═════ SUPPLIED MATERIAL ═════
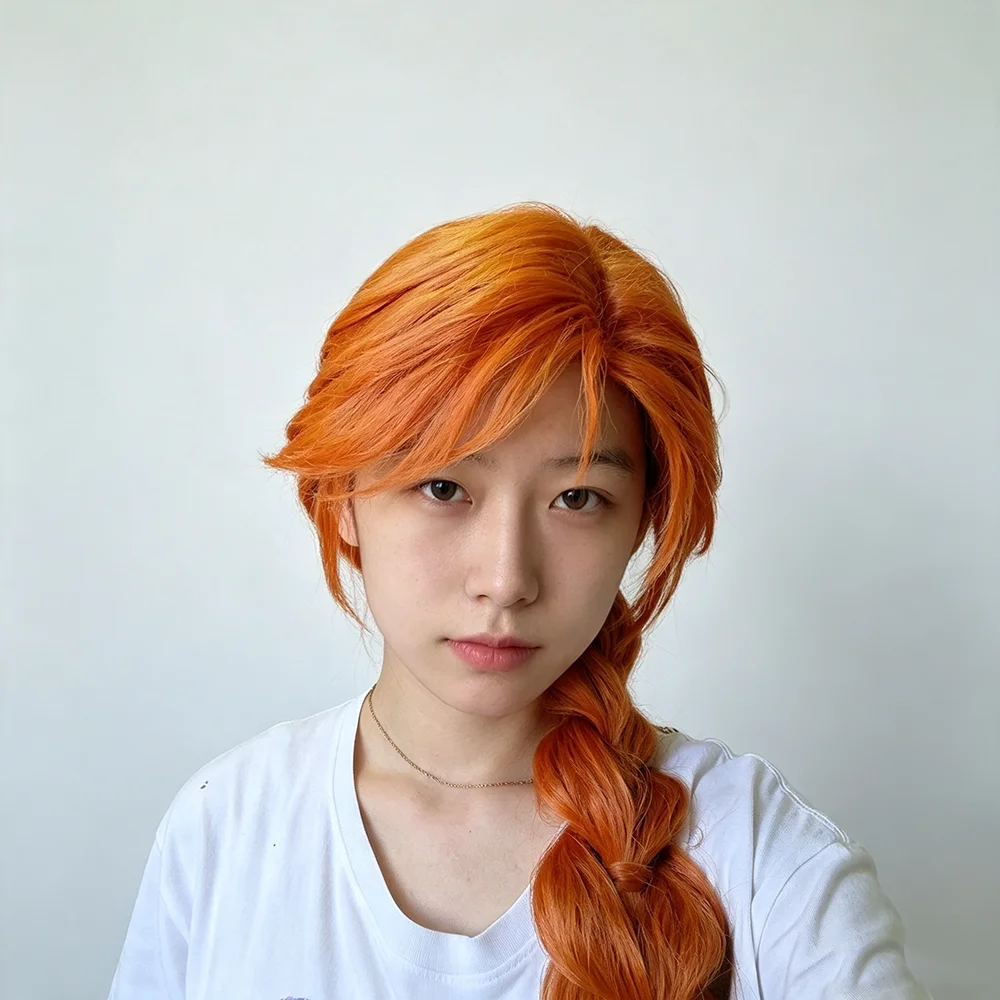 Wig Cosplay Game Stardew Valle - Anime Cosplay Orange Hair ulasan dan harga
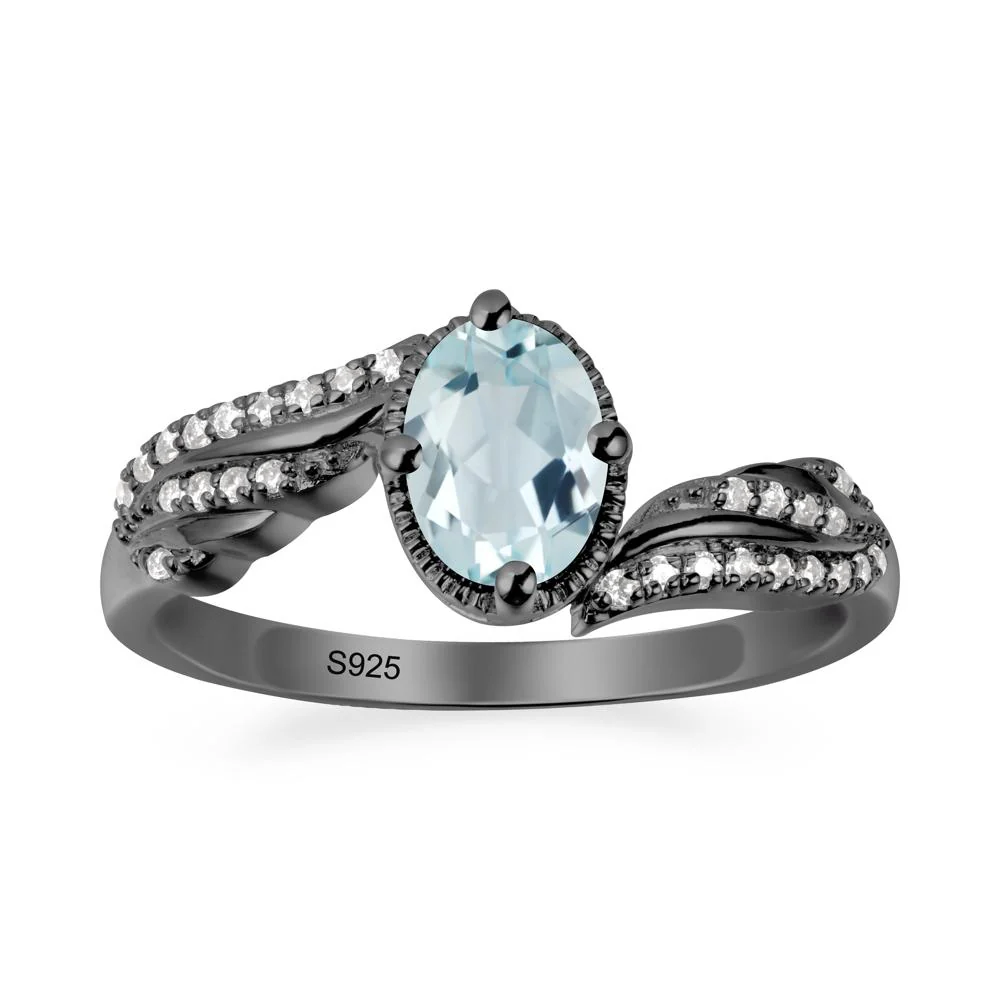 Oval Aquamarine Ring with Milgrain Halo - Image 7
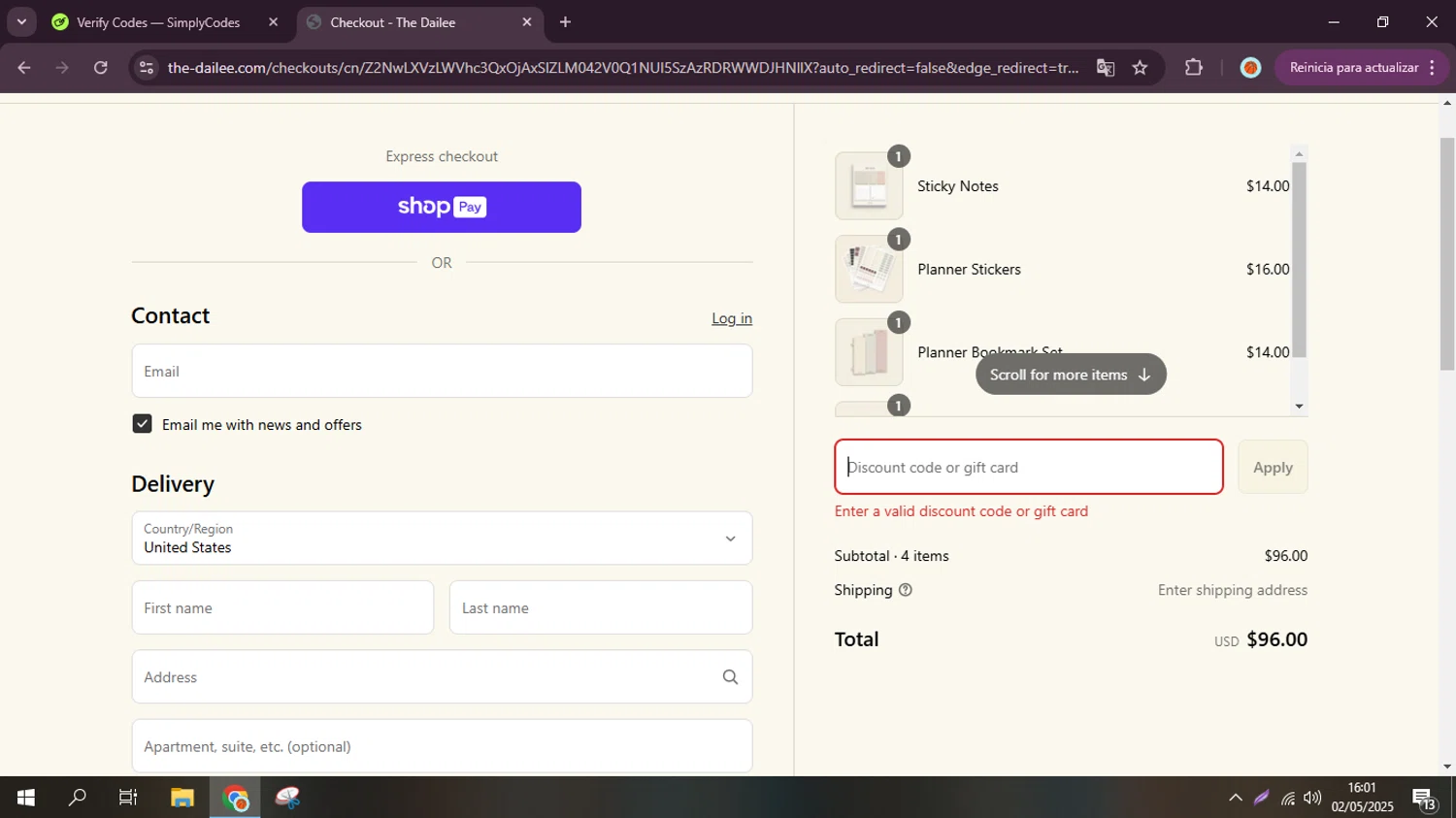 The Dailee discount code screenshot showing code TREATMOM applied at The Dailee checkout page. Uploaded by SimplyCodes community member ANDREWW on May 19, 2025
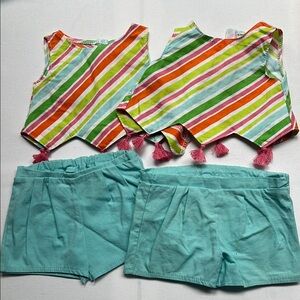 American Girl Melody Play Outfit / Colorful Striped Tops and Teal Shorts Set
═════
TASK DETAILS —
Print the material in full and exactly; the pictures must not be printed.

ANSWER SECTION —
 Wig Cosplay Game Stardew Valle - Anime Cosplay Orange Hair ulasan dan harga
 Oval Aquamarine Ring with Milgrain Halo - Image 7
 The Dailee discount code screenshot showing code TREATMOM applied at The Dailee checkout page. Uploaded by SimplyCodes community member ANDREWW on May 19, 2025
 American Girl Melody Play Outfit / Colorful Striped Tops and Teal Shorts Set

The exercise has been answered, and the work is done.